I just like 9 because it is so much faster, I can play my games with ease, and I don't have to worry about compatibility problems much.  X is too slow for me, even on my G4 867 with 896 RAM, but I do like playing around with login screens and stuff, and love to use Interface Builder when I have time.

I haven't spent too much time in X, although I see an enormously bright future for it once they optimize to make it about the speed of 9.  And besides, I haven't had any really bad probs with 9 crashing, although it does infinitely more times than X (X has never crashed on me, divide by 0).

When X is a little better, no doubt I'll switch over permanantly.  I love Sputnix, by the way, and Sno desktop, and Fuzzy clock, and the desktop calendar stuff.  It adds a nice dimension to X.

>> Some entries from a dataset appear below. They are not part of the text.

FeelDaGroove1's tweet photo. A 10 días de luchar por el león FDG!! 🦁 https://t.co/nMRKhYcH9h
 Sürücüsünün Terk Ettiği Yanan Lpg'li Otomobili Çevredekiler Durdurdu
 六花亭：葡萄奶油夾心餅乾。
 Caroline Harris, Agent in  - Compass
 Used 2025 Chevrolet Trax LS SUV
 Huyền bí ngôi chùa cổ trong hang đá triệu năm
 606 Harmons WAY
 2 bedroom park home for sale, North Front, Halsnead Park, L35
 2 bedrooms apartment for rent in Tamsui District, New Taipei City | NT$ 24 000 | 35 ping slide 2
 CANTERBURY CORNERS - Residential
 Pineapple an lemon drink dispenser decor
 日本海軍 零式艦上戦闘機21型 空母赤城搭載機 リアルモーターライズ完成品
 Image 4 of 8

I haven't encountered many .avi files in X yet, so I don't know they aren't just as playable as 9.  DivX work fine for me though, I just play the .mov file DivX Player created in 9, or use AVI2MOV.


----------



## edX (Dec 27, 2001)

I know this has nothing to do with the serious discussion here but it is making me laugh everytime i glance at the titile of this thread and it looks like "why can't quicktime play with me?" I keep getting this image of this little quicktime guy who can't come out to play because he is grounded. 

poor little quicktime 

of course the general theme of this thread seems to be "why can't you kids just play together and have a good time? i'm too busy to have to run all around the neighborhood and find you one by one."

I always wonder, when windoze users have to download quicktime for windoze, do they complain like we do about M$?


----------



## chevy (Dec 27, 2001)

Ed,

you have the right point: they are several ways to describe information and not all are equal: this is freedom !

we will never have a system that does it all, until no new format appears for years. then we will say that computer industry has reached maturity. and it will use only 1 OS in several flavors. this will be time for Big Brother. i hope this time will never come. all OS are equal... and some are more equal then others !

the one who encodes the information has the freedom to choose the format, either high end (QT) or broader acceptance (MPG)... or other.


----------